I Give Up

I am not cut out for this. Who am I kidding?

“Well, I mean. I’m available, but I can’t give my attention exclusively to you,” Keller says.

And it is not as though I was really attached to him, per say, but it was more the fact that he used the word “exclusively” in the negative. In the moment, standing under the streetlight outside the meditation center, I recall that he is one of six (or was it eight?) siblings. I, on the other hand, and am only child. His use of the word exclusive makes me frown and now I see why. I was not made for the dating world. Whether I like it or not I require attention, affection, romance, dedication – all on a regular basis. Does that make me high-maintenance? No. It makes me a romantic. It makes me committed. It makes me wise, steady, determined. On second thought, this probably also makes me come on too strong.

How is it that I am still barking up this same tree?
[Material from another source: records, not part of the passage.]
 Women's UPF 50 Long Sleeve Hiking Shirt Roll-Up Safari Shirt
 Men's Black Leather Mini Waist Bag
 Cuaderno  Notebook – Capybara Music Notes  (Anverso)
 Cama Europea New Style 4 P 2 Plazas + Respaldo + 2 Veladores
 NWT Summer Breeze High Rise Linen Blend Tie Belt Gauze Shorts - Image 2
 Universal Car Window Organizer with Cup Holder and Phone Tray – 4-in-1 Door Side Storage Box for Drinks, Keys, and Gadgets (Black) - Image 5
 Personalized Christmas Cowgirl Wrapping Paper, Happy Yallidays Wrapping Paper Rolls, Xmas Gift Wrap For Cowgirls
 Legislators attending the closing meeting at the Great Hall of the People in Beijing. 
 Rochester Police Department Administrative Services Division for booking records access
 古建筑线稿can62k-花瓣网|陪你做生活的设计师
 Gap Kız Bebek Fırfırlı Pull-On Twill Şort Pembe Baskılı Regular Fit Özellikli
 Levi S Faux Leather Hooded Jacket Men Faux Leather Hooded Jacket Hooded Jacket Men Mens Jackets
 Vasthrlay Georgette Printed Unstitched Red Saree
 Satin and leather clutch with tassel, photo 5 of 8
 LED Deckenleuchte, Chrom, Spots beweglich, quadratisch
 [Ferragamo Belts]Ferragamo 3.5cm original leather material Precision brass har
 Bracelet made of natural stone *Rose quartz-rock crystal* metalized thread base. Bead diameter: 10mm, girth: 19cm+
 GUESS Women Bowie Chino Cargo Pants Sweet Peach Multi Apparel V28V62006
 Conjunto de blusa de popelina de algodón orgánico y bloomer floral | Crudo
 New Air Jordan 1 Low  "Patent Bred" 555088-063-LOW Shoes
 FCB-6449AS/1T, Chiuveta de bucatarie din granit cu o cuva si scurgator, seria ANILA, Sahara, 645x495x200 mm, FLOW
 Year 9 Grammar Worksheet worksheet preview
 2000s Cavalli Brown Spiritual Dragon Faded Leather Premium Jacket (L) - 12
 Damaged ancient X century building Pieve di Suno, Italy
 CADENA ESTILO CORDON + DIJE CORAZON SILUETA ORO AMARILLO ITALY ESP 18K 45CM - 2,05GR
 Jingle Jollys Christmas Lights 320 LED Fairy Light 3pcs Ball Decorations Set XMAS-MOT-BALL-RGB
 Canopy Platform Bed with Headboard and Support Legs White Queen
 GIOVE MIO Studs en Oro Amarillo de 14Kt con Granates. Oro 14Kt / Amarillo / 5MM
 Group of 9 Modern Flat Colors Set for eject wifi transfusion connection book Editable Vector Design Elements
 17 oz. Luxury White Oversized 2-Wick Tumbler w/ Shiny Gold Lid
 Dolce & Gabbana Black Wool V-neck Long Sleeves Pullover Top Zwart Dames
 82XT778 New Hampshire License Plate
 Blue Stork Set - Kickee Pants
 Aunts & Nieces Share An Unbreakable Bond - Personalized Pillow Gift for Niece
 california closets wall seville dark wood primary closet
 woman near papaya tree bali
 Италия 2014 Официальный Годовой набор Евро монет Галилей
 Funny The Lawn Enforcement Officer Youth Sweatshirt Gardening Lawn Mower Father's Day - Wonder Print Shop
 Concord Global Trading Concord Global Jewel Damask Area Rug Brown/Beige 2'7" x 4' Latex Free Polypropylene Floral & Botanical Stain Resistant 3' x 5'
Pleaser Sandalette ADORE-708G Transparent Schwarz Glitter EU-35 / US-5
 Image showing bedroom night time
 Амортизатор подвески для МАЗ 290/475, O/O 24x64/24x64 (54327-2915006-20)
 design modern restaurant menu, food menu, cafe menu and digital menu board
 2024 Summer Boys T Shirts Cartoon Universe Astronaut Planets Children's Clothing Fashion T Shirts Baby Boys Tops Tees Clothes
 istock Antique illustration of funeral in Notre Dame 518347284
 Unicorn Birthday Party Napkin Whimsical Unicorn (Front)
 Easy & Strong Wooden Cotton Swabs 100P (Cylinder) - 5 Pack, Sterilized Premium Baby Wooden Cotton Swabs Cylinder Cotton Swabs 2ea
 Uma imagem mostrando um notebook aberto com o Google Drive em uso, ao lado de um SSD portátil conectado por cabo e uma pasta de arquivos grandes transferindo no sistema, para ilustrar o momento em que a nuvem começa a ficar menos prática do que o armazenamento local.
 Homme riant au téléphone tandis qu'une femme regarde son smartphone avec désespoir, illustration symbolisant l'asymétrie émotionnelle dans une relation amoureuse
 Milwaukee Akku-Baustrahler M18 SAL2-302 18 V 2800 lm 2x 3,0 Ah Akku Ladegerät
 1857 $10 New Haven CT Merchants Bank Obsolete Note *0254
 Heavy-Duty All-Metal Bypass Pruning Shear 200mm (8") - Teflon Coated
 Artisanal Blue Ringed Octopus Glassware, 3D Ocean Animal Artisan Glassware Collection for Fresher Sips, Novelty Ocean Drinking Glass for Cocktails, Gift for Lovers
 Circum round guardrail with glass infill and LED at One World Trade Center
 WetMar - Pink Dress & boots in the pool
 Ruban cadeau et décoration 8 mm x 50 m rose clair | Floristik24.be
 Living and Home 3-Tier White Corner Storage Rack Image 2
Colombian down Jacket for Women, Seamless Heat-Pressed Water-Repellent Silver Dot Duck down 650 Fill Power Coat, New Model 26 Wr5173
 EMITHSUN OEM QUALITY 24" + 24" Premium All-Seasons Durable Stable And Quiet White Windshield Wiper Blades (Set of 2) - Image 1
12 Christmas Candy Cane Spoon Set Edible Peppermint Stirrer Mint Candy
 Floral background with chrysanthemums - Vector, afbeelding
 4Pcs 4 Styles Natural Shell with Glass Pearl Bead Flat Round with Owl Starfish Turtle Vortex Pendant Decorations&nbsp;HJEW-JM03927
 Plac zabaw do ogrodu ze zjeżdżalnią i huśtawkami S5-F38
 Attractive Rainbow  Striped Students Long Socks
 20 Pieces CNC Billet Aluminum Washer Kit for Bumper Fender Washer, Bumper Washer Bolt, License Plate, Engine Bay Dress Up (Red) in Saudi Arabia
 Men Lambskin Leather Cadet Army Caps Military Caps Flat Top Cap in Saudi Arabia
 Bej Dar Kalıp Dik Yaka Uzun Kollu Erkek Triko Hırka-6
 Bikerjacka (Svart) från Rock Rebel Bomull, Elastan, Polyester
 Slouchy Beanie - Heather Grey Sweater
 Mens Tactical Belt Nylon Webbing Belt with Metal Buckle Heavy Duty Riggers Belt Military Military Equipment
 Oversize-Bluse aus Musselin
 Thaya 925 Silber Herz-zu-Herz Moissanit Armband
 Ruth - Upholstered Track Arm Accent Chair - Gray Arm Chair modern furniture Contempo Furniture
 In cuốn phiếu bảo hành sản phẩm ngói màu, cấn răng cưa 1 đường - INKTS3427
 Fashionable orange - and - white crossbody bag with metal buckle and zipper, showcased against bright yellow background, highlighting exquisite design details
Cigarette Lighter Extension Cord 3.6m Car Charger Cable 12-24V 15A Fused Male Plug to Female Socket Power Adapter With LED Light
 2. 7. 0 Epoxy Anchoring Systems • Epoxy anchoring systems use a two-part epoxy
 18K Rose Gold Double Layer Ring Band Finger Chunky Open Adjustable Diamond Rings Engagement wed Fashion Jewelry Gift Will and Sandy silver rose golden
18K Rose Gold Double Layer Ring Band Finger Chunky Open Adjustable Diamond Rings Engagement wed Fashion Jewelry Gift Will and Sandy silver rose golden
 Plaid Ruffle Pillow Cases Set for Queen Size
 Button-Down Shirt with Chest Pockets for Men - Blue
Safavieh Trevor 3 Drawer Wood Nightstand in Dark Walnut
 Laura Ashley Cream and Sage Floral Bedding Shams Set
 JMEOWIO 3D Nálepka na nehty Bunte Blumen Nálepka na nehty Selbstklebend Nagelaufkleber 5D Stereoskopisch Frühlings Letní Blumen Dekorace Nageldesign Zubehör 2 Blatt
Clearly, the object of desire is not all its chalked up to be, and when it does come out of the tree to dance with me (even for just one date) we are inevitably incompatible – like cat and dog.

This, on top of the fact that Keller’s ski vacation actually involved “a girl in Colorado who currently has a lot of my attention,” as he put it. Sigh.

On the way home, by exit 15 I decide that I am utterly naïve. I decide I have to give up. I decide this must stop. I decide that I would have been better off writing at home all night, than this. Much better. I decide that single is not the same as alone.